It was October 31st (Halloween) when the 4 of us Trent, Paul, James and myself passed along the edge
of the Oxford Cemetery just after dark on our way to a Halloween party. As we passed it, we saw many people walking toward the center of the graveyard. An elegantly dressed man was leaning on a headstone and waved at us to stop and I felt compelled to pull over. I rolled the window down and he said “You're just in time to join the party. Come on!” Without thinking we all got out of the car and started across the cemetery with our new friend. He was 60ish with gray hair, a mustache and carrying a pipe in his hand.

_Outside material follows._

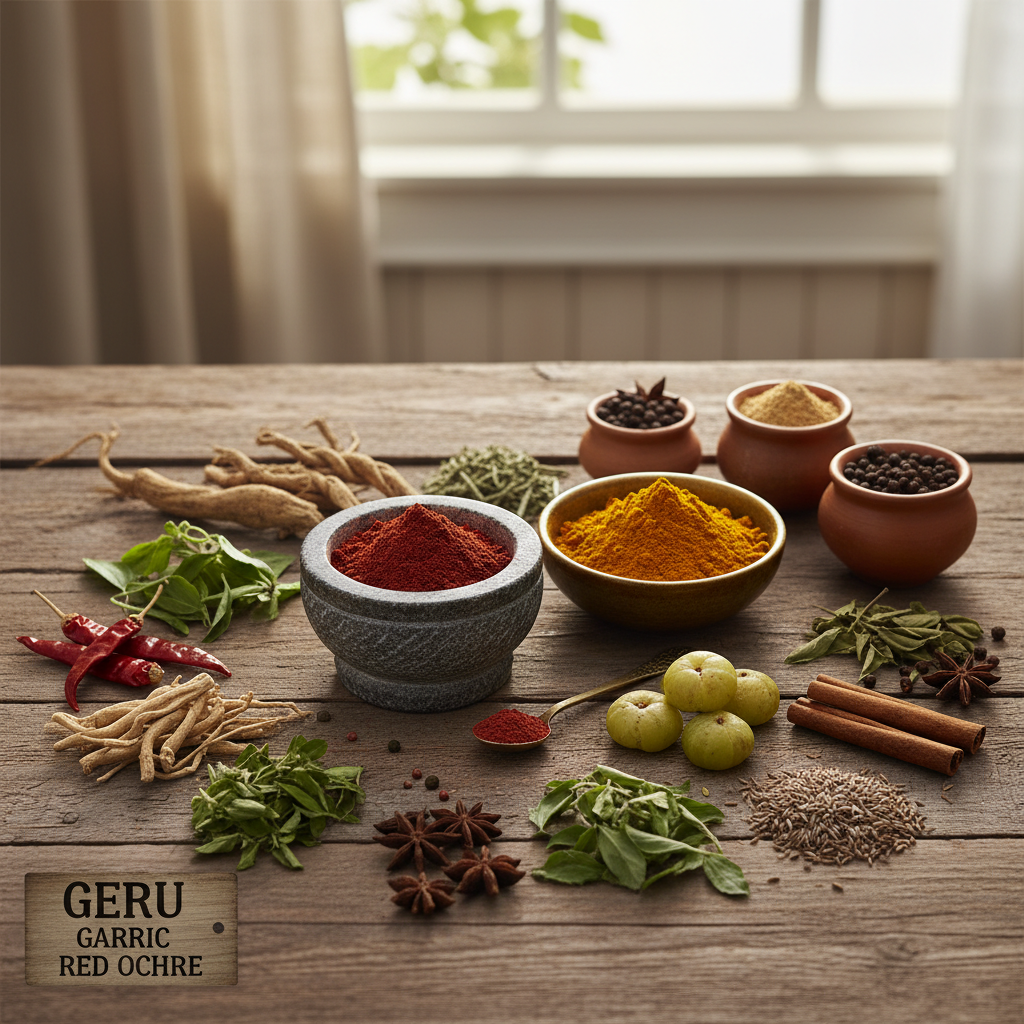 Geru | Garric | Red Ochre: Complete Guide, Benefits & Traditional Uses | Andha Pansari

He looked vaguely familiar but I could not place him.
Less than 50 yards away, in a small fold of land, 8 or 10 men were gathered around a big headstone they were using as a bar and we bellied up to it as they served us a stiff drink. After a few minutes I looked down and read the name on the grave,it said William Faulkner.
A nice fire was burning in front of the grave and many people were already gathered around drinking and talking as a skeletalWestern Band started tuning up, and then the party really started. A real Grave Yard Hoedown! As the people danced, I began to notice their attire seemed from every era. They whirled and danced as the fire grew brighter was amazed to see that I could see through most of them. I, like my brothers realized we were in the middle of a real Ghost Party in the Cemetery but there was a calmness over me so that everything felt normal and I had no reason to be afraid. Several people slapped me my brothers and me on the back that I felt we should know or had known. It was a real ghostly Halloween Party and we were in the middle of it. Our host, whom I now knew was William Faulkner, thanked us for coming and kept the liquor flowing. James and Paul were dancing with a couple of Antebellum beauties, while Trent and I laughed, drank and discussed everything from how the War Between the States was going to what was Hoover going to do about this damned depression. We just toasted everyone and said “Don't worry it's all under control and there's going to be a chicken in every pot.”

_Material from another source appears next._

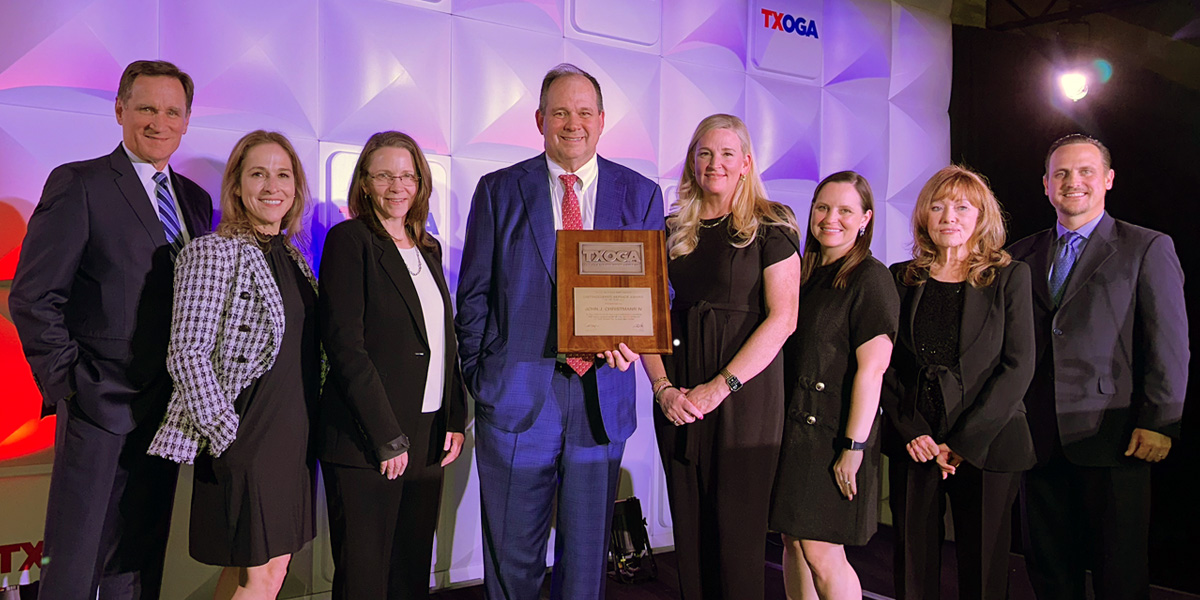John Christmann with colleagues at the TXOGA Distinguished Service Award presentation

We danced, we drank, we partied, I think we howled at the moon and then things started to blur.
All I know is that later, we woke in the car and everyone was gone. The cemetery was dark and there was no sign of our friend, Mr. Faulkner. No one spoke as I cranked the car and started off.
Not far down the road, we passed a young couple walking along the edge of the cemetery with their arms around each other. The man casually waved. It took a minute for it to register on us and for me to slam on the brakes. We all turned around to look again, but they were gone. We had seen many, many pictures of the young couple before. It was my Mom and Dad.